Толстой люто ненавидит Хомякова за то, что тот был изумительным мастером диалога, спора. Лев Толстой, кроме того, что он был не образован, он был ещё и небаслип (от слова “баить” - говорить)[109]. Толстой с трудом в устной беседе связывал подлежащее со сказуемым.
Толстой не имел ни дара красноречия и, вообще, интересной беседы даже спор, а ведь – это тоже наука (навык должен быть), потому что наши споры и даже газетные, как правило, сбиваются на личные оскорбления.
Не то, что с Хомяковым, даже с Герценом, Толстой ни в какое сравнение не мог идти. Но Герцен жил за границей и поэтому с ним общался ограниченный контингент, и Лев Толстой вспоминает, как ему было трудно вступить в диалог с Герценом.
Поэтому Толстой окружается себя лизоблюдами, которые ловят и записывают все его слова. Толстой претерпел страшное наказание от Господа на смертном одре: пытался привычным жестом пишущей руки что-то изобразить на одеяле, но ничего записать уже был не в силах, но требует в полубреду, чтобы ему прочли то бессмертное, что он записал. И ему читают Конфуция, что-то из Канта, но, конечно, не Евангелие. Толстой успокоился, так как поверил, что – это его, то есть у него был отнят разум.
Можно сказать, что какова бы ни была загробная участь Толстого, но он был наказан ещё при жизни.
Толстой в юности (в 15 лет) как бы посвящает себя предтече антихриста.
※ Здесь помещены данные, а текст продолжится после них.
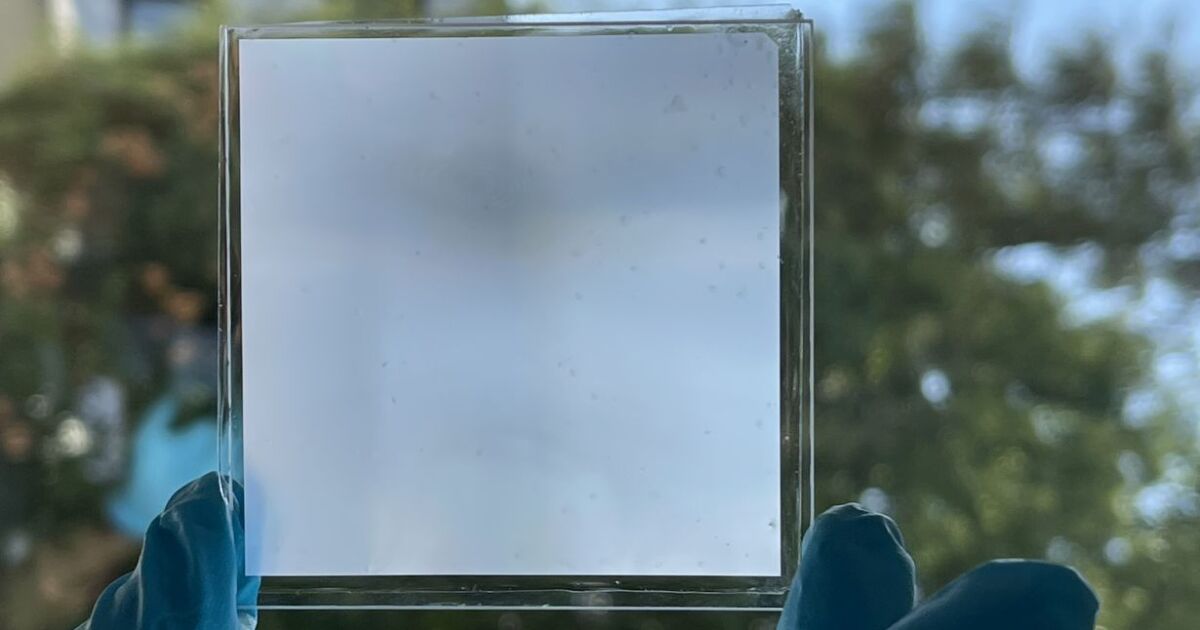 Más transparente que el vidrio, un nuevo material enfría las habitaciones y se autolimpia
Он не просто разуверился, так как в качестве такого учителя жизни избирает Жан Жака Руссо и вешает его портрет на шею вместо нательного креста, то есть вместо Христа[110].
Антихрист – это не тот, кто против Христа, это тот, кто вместо Христа подставляет себя.
В письме Софье Андреевне Толстой первенствующего члена Синода митрополита Антония (Вадковского) было прямо сказано, что если Лев Николаевич не покается и не присоединится к Церкви, то отпевать его нельзя. Сам Толстой запретил какие-то ни было совершать над ним религиозные обряды, а велел просто зарыть своё тело, как не нужную и вонючую вещь, чтобы она не мешала живым.
В своём завещании Толстой писал: “Повторяю, при этом случае то, что похоронить меня прошу также без, так называемого, богослужения, а зарыть тело в землю, чтобы оно не воняло”. Так именно было записано в его дневнике и было сообщено самой главной толстовке Александре Андреевне. Все дневники Толстого предполагалось обнародовать, так как тайных дневников он не вёл.
После окончания Крымской войны, в 1855 году Толстой вернулся в среднюю Россию и вскоре вышел в отставку. У него появилось много свободного времени. Лев Толстой в это время начинает размышлять, и думает о том, что его посетила, как он сам пишет, - “великая, громадная мысль, осуществлению которой я чувствую себя способным посвятить жизнь” (март 1855 года).
Мысль эта – основание новой религии, соответствующей развитию человечества. То есть, христианская Православная вера – это для невежд и для дураков. “Религия Христа, но очищенной от веры и таинственности”.